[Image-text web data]
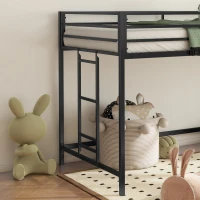 Junior Twin Loft Bunk Metal Bed Frame with Full-Length Guardrails, Anti-Noise Design, and Protective Post Caps, 76.69″ L x 40.94″ W x 49.49″ H, Black(m-7)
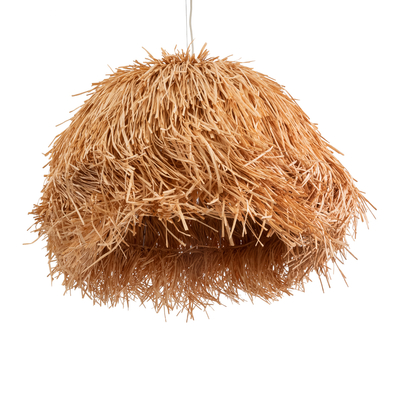 GloboStar® GUADELOUPE 02155 Boho Κρεμαστό Φωτιστικό Πλέγμα Μονόφωτο 1 x E27 IP20 Καφέ Ράφια - Μ80 x Π80 x Υ60cm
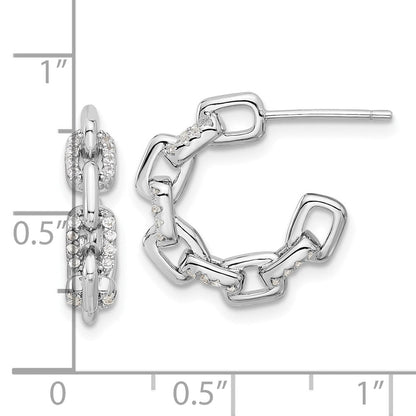 Sterlingsilber Rhodiniert mit Zirkonia Glieder Design Stecker Creolen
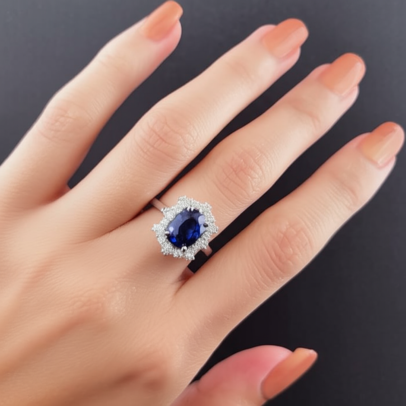 Saraya sapphire and diamond ring in platinum with cushion cut blue sapphire and diamond halo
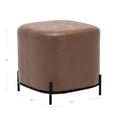 thumbnail image 2 of 7th Haven Inc. WOVENBYRD 17" Modern Square Ottoman with metal base Assembly Required Pink Velvet Solid, 2 of 5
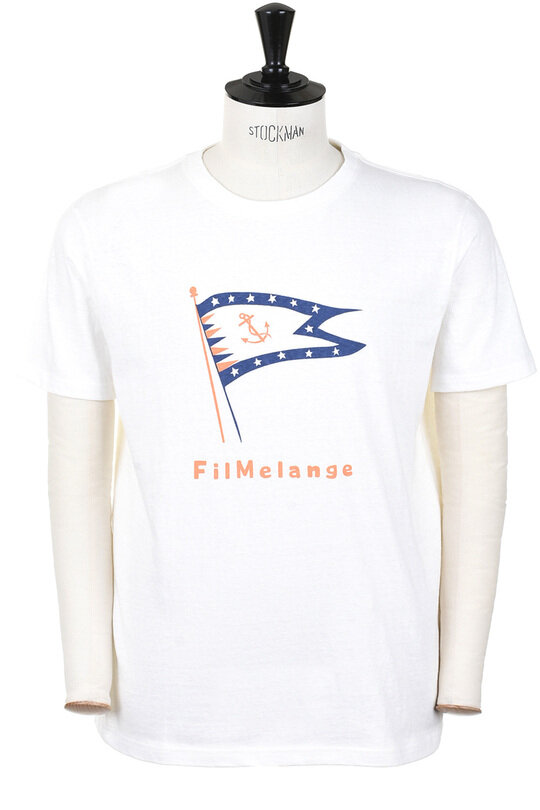 Vink Tee Shirt Flag Print - White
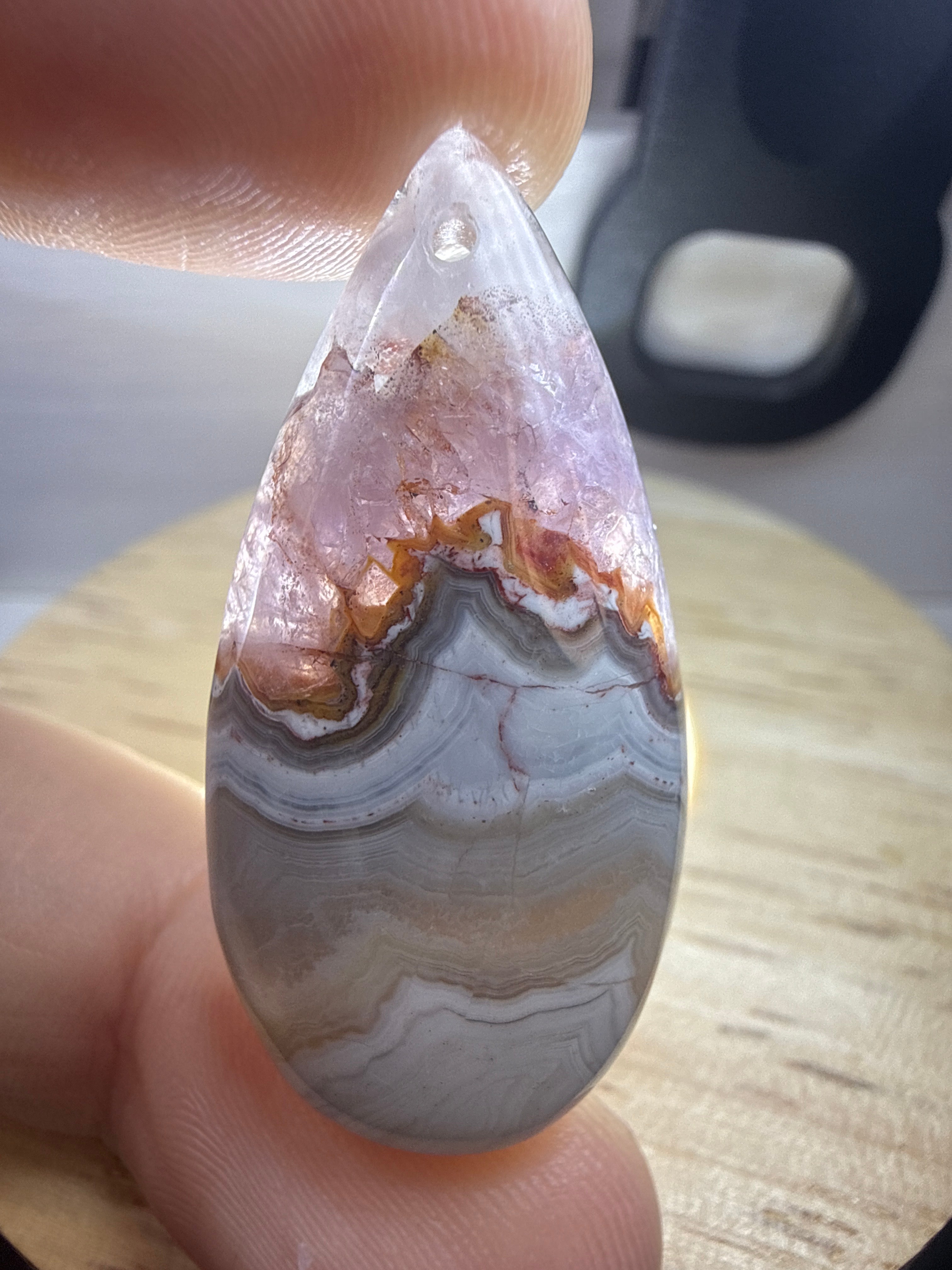 Amethyst with Mexican Lace Agate Pendant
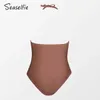 Wear Seaselfie Plus Size Halter Backless One Piece Swimsuit Mulheres Tamanho Grande Sólido Monokini Maiô 2023 Praia Swimwear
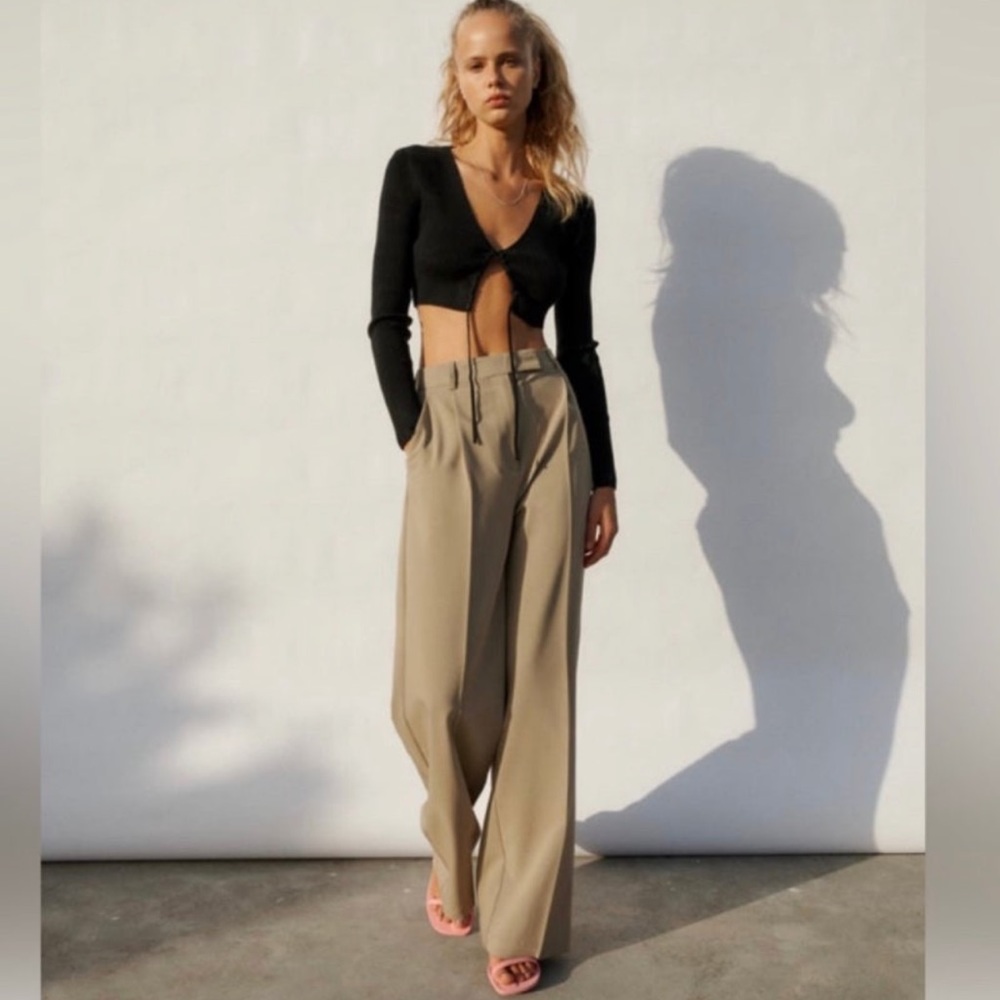 High rise wide leg menswear trousers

• _The task_: Each entry needs to be returned verbatim, with its pictures left out.

• _Exercise response_:
 Junior Twin Loft Bunk Metal Bed Frame with Full-Length Guardrails, Anti-Noise Design, and Protective Post Caps, 76.69″ L x 40.94″ W x 49.49″ H, Black(m-7)
 GloboStar® GUADELOUPE 02155 Boho Κρεμαστό Φωτιστικό Πλέγμα Μονόφωτο 1 x E27 IP20 Καφέ Ράφια - Μ80 x Π80 x Υ60cm
 Sterlingsilber Rhodiniert mit Zirkonia Glieder Design Stecker Creolen
 Saraya sapphire and diamond ring in platinum with cushion cut blue sapphire and diamond halo
 thumbnail image 2 of 7th Haven Inc. WOVENBYRD 17" Modern Square Ottoman with metal base Assembly Required Pink Velvet Solid, 2 of 5
 Vink Tee Shirt Flag Print - White
 Amethyst with Mexican Lace Agate Pendant
 Wear Seaselfie Plus Size Halter Backless One Piece Swimsuit Mulheres Tamanho Grande Sólido Monokini Maiô 2023 Praia Swimwear
 High rise wide leg menswear trousers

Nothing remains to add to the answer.